Even the younger dancers and trainees in the school have their own funny anecdotes about the show. Fourteen-year-old Natalie St. John, who will play a teenager this year in the party scene, danced the role of Clara a few years back. She recalls one performance where something fell off of the nutcracker she was carrying as she was being chased by the mice in the living room. “My first thought was that the head had not been bandaged back together well enough,” she says. The nutcracker’s head becomes detached after a scuffle and is attached back with a handkerchief. “But when I picked him up I realized it was his arm.”
Trainee Tony Oates, 17, has danced the role of the Prince as well as the role of a rat that fires the cannon at the beginning of the battle scene in act one. “I had the job of pushing a button on the cannon to trigger the flash with smoke. It was some sort of pyrotechnics,” he says. “The cannon would never fire for me. One day before a show I heard ‘Tony Oates to the stage, Tony Oates to the stage’ over the intercom. And I had to go practice pushing the button to fire the cannon so it would work during the show, but I don’t remember it ever working.”
Just as it has for those of us in the audience, The Nutcracker has left lasting memories for all of the dancers who have appeared in the production over the years. “A lot of dancers who have retired have said one of the hardest things for them is not doing The Nutcracker,” Tellman says.
Rebecca Weger, the official child wrangler, (aka school manager) can understand that feeling. “It just wouldn’t be Christmas without The Nutcracker,” she says.
A Richmond Institution Dances On
This season marks the fortieth anniversary of The School of Richmond Ballet, which was founded in 1975, nine years before the creation of the professional company.

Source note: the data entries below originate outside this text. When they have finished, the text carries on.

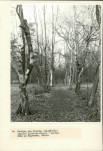 Ewidencja parkowa, skan nr 28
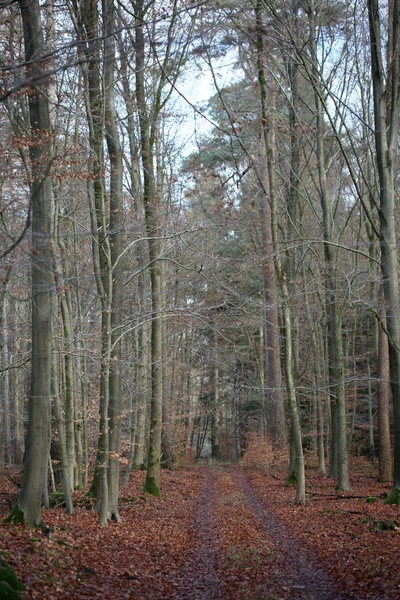Eindeloze weg in het wild bos reis achtergrond hoge kwaliteit prints — Stockfoto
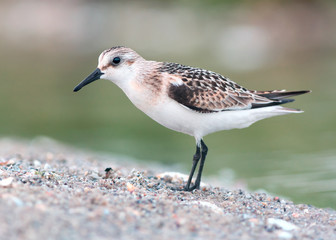 Sanderling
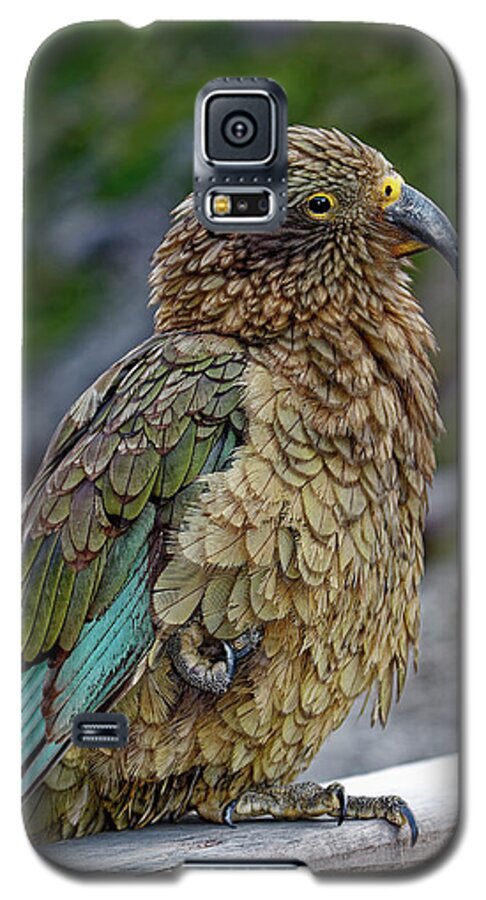 Kea Bird Galaxy S5 Case featuring the photograph Kea Bird by Sally Weigand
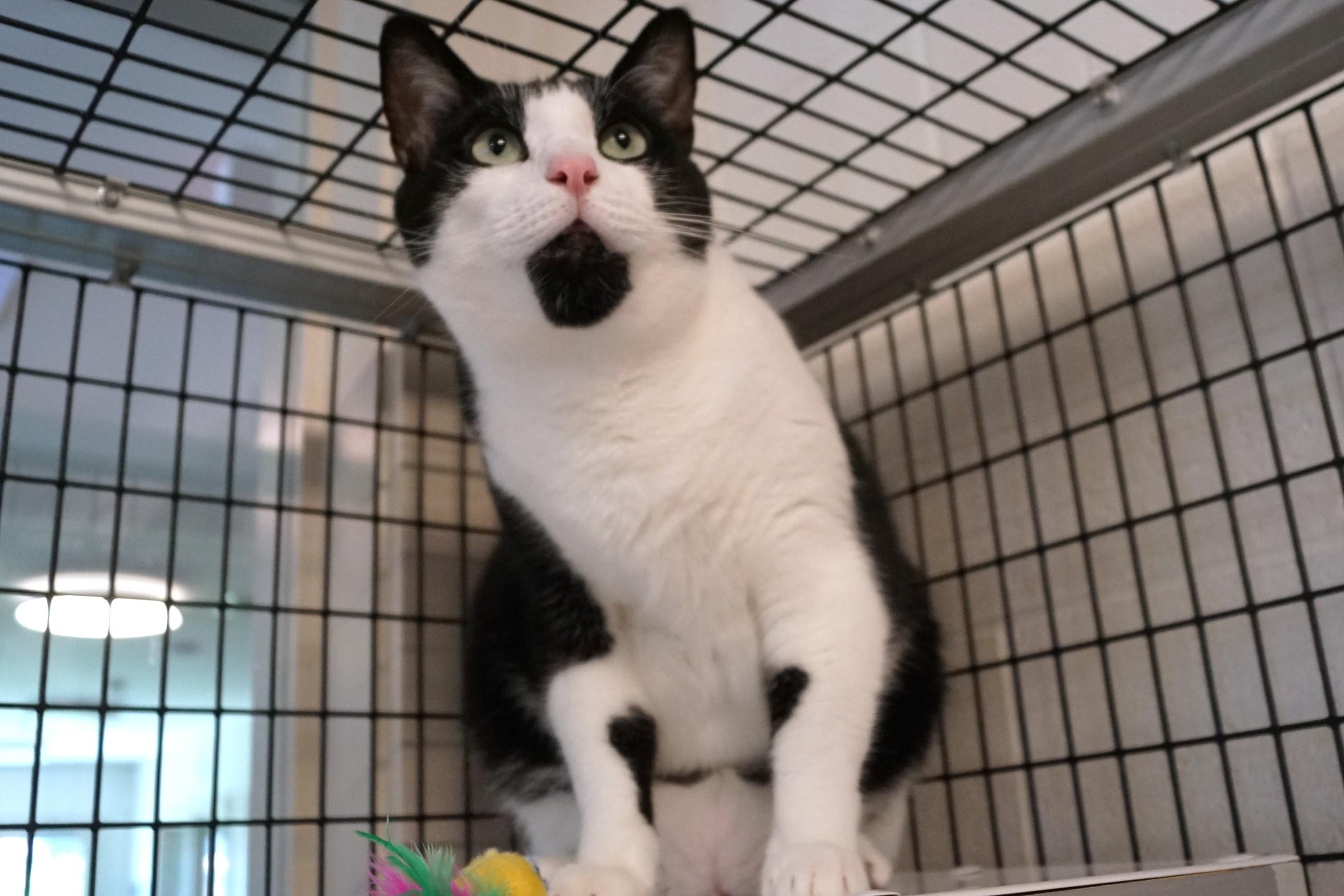 Enlarge Howlet, a Adoptable Domestic Short Hair in New Milford, CT image 3/6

Tara Penick, the school’s middle division principal and coordinator of ensembles, has witnessed the growth of the teaching institution since she started in 1997.
“It has expanded over the years both in enrollment [from 150 to 800 students] and in the number and types of classes offered each week,” she says. “We have developed two auditioned ensembles, offering additional performing experiences for our middle and upper division students. The trainee program also has expanded and now includes a partnership with VCU so students may pursue their college education while working to transition into a professional career as a dancer.”

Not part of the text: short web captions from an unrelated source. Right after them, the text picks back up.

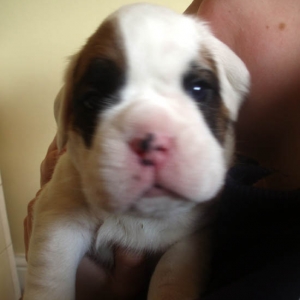 Luka close 3 weeks.
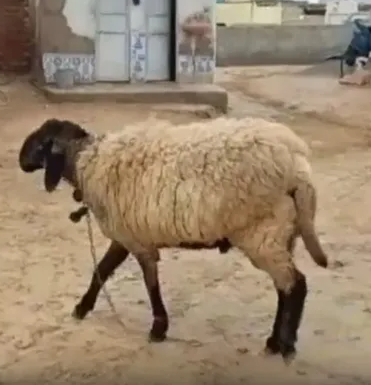 rajasthan shepherd refuses 1 crore for lamb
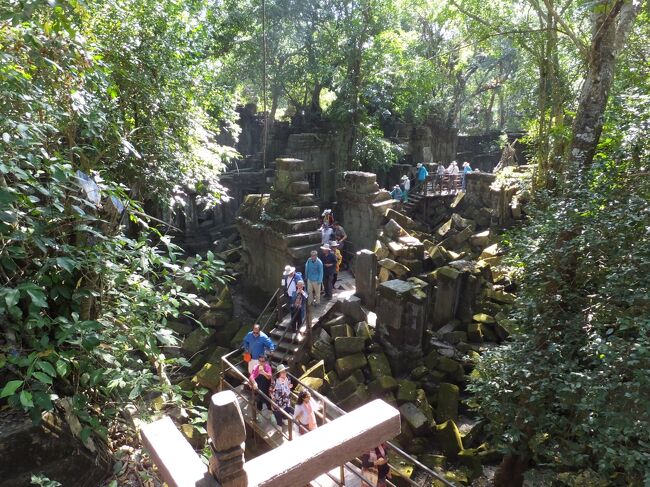 遺跡全体を森が覆い、日光を遮っているため、寺院や石は苔むして、どこもかしこも緑色<br />建物にねっとり絡みつく木々やその合間に差し込む木漏れ日<br />しっとりとした風情とモイスト感を醸し出している。<br />遺跡上に組まれた木の遊歩道を進む。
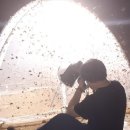 “신맛 난다고요?” 러브버그도 직접 씹었다…절반은 암컷·절반은 수컷 ‘세계 최초’ 곤충도 발견 이미지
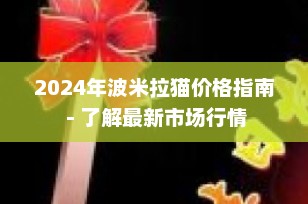 2024年波米拉猫价格指南 - 了解最新市场行情
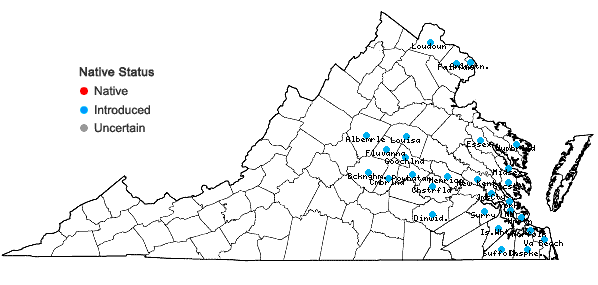 Locations ofMazus pumilus (Burm. f.) Steenis in Virginia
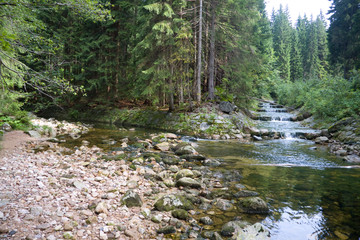 Zufluss der Labe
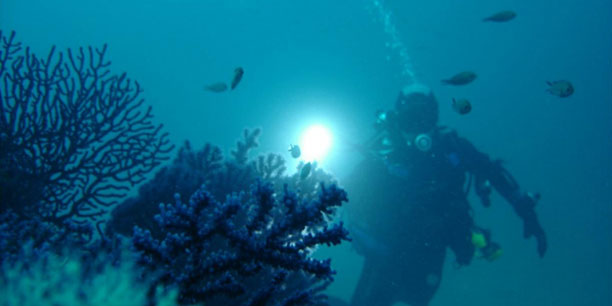 Diving in the Villefranche Bay from Saint-Jean-Cap-Ferrat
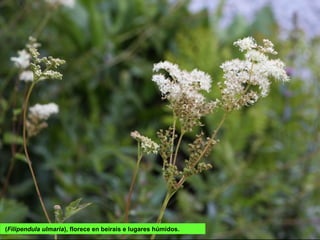 (Filipendula ulmaria), florece en beirais e lugares húmidos.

The majority of Richmond Ballet’s professional dancers – three-quarters to be exact – have received a portion of their training through the The School of Richmond Ballet. Other graduates have joined companies across the United States and around the world. One of the school’s most famous graduates is Philip Neal. Now retired, Neal was a principal dancer for the New York City Ballet for more than twenty years. Alum Dominic Hodal is currently dancing with Staatsballett Berlin.
“I think we are seeing the results of our efforts as a school when our students are able to audition for performing contracts around the country and/or they are accepted into top summer training programs and college programs for dance,” Penick says, adding that students are also able to train right here in downtown Richmond without having to relocate in order to pursue a professional career.”
Students moving through the school have the opportunity to work with each faculty member at some point along their journey. “There is a high level of respect among faculty members,” Penick says. “And though we each bring different approaches into the studio, we are all working toward the same goal: to develop a dancer with a clean, strong classical technique who is able to work with choreographers in many styles.”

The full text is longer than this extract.